**Task objective:**
Could you reproduce, from the records below, everything from the line with "Luxor UFO, Las" down to the line with "Gazetka promocyjna POLOmarket str. 10", keeping both of those lines and changing nothing?

**Exercise data:**
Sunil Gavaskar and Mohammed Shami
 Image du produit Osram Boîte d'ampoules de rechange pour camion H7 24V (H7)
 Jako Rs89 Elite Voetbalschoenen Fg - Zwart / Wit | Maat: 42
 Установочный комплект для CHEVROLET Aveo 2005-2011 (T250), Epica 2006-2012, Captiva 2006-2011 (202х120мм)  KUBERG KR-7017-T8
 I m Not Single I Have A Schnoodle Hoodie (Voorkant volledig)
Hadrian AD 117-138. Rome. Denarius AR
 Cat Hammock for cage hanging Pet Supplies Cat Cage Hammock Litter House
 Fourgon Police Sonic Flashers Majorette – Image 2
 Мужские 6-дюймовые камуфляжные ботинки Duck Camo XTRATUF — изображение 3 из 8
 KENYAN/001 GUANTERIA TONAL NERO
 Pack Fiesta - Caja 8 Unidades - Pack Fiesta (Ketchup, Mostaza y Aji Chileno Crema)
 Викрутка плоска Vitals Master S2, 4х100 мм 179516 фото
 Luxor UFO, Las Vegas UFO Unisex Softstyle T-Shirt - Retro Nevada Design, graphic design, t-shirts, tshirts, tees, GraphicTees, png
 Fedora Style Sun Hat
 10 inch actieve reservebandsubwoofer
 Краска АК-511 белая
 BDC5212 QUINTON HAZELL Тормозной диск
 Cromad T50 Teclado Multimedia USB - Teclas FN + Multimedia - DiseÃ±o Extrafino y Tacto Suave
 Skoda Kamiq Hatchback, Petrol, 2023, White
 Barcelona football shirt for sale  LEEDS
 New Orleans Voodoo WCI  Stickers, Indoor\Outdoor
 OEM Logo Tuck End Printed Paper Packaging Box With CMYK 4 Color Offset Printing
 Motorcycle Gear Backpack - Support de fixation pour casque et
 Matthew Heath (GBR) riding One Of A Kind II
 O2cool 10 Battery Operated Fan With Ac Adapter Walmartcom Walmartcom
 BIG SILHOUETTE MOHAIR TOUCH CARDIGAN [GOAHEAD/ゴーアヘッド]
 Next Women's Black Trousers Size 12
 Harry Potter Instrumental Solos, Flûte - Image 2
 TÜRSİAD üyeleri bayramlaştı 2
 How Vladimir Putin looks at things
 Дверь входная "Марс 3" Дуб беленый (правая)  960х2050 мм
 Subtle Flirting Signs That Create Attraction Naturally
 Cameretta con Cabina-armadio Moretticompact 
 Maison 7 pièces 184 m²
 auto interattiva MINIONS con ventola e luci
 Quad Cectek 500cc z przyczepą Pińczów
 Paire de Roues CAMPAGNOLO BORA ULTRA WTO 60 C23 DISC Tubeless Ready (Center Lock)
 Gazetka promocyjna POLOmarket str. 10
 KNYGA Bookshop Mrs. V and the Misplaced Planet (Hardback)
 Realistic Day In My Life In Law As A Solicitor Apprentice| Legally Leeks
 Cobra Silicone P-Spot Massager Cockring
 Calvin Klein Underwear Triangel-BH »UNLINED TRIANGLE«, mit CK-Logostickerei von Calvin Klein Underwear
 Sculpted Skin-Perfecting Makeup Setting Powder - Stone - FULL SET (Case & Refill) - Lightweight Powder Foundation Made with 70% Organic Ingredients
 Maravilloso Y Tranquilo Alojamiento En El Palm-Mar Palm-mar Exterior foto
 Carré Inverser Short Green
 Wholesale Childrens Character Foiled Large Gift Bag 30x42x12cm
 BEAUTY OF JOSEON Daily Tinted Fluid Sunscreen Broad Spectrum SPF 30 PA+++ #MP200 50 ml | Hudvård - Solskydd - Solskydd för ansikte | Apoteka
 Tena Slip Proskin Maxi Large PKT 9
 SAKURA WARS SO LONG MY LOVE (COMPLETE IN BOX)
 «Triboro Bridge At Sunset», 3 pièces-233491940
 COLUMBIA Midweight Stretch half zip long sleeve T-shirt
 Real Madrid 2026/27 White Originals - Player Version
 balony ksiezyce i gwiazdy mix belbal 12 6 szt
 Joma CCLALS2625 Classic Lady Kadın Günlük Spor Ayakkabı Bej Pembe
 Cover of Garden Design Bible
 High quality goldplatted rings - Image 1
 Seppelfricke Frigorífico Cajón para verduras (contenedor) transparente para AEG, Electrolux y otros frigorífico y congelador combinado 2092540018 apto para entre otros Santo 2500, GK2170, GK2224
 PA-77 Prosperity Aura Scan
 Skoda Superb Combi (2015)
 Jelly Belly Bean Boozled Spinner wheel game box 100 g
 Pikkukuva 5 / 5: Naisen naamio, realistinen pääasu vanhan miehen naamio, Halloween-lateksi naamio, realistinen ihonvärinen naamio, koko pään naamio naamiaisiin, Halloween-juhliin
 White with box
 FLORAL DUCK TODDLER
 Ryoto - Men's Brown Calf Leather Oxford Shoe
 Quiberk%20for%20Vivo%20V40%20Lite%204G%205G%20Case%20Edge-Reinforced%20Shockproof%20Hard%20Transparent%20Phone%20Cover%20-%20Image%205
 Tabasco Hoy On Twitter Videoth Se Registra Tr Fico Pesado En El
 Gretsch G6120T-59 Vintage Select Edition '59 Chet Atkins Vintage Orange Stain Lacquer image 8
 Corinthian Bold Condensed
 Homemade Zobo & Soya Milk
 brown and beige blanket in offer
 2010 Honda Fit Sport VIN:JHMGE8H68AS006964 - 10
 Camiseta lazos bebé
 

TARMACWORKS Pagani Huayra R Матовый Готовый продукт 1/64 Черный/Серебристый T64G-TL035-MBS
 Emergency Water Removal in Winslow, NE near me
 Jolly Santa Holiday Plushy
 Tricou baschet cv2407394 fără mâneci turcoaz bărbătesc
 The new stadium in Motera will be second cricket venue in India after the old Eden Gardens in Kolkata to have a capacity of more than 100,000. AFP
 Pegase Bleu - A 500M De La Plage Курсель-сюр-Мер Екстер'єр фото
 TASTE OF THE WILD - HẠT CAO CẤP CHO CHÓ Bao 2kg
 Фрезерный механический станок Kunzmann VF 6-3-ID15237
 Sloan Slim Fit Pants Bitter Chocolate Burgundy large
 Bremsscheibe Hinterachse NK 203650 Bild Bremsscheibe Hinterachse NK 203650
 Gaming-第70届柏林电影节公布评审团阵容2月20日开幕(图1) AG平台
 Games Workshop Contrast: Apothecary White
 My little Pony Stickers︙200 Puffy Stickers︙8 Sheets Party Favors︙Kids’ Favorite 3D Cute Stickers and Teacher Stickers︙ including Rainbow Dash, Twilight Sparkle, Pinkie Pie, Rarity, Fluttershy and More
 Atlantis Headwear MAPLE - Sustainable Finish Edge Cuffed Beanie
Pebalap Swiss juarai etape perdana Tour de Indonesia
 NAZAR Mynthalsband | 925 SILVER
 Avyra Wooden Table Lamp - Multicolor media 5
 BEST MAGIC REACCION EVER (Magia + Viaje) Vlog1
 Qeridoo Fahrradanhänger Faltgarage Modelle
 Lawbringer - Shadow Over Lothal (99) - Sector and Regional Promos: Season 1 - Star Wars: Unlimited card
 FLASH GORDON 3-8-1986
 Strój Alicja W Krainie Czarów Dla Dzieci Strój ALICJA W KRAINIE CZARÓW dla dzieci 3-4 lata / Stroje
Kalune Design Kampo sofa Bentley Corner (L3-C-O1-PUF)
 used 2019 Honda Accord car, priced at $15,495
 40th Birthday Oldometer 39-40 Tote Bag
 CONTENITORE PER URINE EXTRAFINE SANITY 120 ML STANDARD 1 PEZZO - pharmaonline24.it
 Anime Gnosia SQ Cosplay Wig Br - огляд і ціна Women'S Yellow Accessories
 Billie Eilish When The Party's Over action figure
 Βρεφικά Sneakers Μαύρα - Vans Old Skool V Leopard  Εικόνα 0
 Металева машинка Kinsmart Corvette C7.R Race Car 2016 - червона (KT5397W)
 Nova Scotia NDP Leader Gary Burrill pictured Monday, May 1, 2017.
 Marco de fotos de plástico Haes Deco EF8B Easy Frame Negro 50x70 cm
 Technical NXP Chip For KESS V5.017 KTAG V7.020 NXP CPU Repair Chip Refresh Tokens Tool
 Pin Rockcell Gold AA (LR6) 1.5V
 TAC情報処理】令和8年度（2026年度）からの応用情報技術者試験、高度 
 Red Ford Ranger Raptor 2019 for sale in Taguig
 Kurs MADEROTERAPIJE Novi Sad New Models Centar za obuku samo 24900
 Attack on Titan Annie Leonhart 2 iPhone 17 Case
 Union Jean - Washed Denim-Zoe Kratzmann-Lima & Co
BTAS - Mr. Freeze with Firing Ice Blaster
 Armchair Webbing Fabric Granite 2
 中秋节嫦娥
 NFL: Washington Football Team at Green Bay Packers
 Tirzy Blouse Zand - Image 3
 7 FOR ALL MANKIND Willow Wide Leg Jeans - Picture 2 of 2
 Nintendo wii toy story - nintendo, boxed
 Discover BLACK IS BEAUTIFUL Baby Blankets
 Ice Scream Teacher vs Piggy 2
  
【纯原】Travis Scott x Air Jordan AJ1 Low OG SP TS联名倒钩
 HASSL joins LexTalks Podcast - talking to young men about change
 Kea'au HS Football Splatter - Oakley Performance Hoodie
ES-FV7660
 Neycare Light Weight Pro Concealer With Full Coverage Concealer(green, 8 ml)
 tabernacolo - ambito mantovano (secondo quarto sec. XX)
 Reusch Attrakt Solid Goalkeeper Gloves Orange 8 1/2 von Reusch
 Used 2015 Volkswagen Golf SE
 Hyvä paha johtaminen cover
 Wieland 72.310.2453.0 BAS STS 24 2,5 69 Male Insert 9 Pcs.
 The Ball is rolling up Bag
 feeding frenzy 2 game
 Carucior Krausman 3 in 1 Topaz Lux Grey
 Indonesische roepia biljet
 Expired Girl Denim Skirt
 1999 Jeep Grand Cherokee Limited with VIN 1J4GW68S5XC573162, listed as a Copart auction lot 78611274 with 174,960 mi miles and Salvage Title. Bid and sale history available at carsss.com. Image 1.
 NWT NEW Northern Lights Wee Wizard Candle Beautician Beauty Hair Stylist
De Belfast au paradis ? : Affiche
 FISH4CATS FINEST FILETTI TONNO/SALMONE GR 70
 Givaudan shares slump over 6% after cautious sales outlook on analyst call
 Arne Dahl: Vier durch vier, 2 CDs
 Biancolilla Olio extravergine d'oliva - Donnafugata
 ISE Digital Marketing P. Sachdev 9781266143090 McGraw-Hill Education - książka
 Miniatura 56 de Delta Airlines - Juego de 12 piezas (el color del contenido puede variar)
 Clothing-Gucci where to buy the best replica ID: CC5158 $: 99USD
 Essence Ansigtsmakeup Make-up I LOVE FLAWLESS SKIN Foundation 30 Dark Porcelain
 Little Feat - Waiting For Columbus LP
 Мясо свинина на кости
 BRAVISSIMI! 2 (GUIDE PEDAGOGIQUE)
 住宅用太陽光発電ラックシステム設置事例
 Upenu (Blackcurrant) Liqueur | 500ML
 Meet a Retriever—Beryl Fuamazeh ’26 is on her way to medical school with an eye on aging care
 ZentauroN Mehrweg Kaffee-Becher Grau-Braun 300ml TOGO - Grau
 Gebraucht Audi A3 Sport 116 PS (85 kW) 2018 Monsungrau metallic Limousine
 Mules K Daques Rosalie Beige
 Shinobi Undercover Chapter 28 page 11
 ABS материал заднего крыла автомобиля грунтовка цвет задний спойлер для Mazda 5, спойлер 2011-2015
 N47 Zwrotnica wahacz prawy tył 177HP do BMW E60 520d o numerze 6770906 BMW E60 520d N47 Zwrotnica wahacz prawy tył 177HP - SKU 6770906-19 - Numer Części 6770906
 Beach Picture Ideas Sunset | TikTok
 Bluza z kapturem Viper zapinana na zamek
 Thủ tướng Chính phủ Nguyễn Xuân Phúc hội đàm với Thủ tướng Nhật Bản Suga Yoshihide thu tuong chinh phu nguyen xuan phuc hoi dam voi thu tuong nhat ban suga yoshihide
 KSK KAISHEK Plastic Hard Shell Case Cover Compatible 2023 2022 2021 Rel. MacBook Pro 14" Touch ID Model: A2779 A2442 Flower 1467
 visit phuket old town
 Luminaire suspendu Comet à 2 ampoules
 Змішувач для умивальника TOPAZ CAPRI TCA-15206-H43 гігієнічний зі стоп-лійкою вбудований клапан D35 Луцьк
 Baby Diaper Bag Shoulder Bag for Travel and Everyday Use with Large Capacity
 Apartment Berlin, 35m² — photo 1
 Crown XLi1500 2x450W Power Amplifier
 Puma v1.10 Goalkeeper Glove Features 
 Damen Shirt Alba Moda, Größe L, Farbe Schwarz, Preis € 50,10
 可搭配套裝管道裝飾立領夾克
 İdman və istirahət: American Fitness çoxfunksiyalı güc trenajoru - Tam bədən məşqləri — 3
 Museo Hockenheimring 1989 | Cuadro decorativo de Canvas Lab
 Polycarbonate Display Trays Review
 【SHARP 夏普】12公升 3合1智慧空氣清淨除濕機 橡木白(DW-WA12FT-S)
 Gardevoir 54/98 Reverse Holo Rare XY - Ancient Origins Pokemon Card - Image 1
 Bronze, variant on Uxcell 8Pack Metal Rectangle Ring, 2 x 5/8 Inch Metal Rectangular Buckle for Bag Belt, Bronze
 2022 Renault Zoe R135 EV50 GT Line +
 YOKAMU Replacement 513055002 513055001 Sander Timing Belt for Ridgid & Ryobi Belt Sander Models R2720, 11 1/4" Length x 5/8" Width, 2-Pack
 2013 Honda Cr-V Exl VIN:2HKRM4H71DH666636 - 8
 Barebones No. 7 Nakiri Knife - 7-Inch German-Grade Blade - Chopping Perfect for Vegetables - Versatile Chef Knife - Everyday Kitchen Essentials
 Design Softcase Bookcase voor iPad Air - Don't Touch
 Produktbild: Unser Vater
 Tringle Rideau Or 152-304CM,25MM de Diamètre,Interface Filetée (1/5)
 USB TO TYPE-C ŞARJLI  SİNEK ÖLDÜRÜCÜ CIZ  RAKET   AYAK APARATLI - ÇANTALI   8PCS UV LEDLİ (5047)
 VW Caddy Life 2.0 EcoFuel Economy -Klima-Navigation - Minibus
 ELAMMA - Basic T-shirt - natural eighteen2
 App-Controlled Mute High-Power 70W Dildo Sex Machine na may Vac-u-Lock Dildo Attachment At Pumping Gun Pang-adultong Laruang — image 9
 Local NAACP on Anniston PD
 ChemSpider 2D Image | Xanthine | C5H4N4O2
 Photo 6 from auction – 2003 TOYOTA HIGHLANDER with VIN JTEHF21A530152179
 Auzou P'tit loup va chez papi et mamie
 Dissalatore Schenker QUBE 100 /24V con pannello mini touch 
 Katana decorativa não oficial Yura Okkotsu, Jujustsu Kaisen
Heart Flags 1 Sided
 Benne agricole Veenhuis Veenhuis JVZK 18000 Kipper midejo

**Final answer:**
 Luxor UFO, Las Vegas UFO Unisex Softstyle T-Shirt - Retro Nevada Design, graphic design, t-shirts, tshirts, tees, GraphicTees, png
 Fedora Style Sun Hat
 10 inch actieve reservebandsubwoofer
 Краска АК-511 белая
 BDC5212 QUINTON HAZELL Тормозной диск
 Cromad T50 Teclado Multimedia USB - Teclas FN + Multimedia - DiseÃ±o Extrafino y Tacto Suave
 Skoda Kamiq Hatchback, Petrol, 2023, White
 Barcelona football shirt for sale  LEEDS
 New Orleans Voodoo WCI  Stickers, Indoor\Outdoor
 OEM Logo Tuck End Printed Paper Packaging Box With CMYK 4 Color Offset Printing
 Motorcycle Gear Backpack - Support de fixation pour casque et
 Matthew Heath (GBR) riding One Of A Kind II
 O2cool 10 Battery Operated Fan With Ac Adapter Walmartcom Walmartcom
 BIG SILHOUETTE MOHAIR TOUCH CARDIGAN [GOAHEAD/ゴーアヘッド]
 Next Women's Black Trousers Size 12
 Harry Potter Instrumental Solos, Flûte - Image 2
 TÜRSİAD üyeleri bayramlaştı 2
 How Vladimir Putin looks at things
 Дверь входная "Марс 3" Дуб беленый (правая)  960х2050 мм
 Subtle Flirting Signs That Create Attraction Naturally
 Cameretta con Cabina-armadio Moretticompact 
 Maison 7 pièces 184 m²
 auto interattiva MINIONS con ventola e luci
 Quad Cectek 500cc z przyczepą Pińczów
 Paire de Roues CAMPAGNOLO BORA ULTRA WTO 60 C23 DISC Tubeless Ready (Center Lock)
 Gazetka promocyjna POLOmarket str. 10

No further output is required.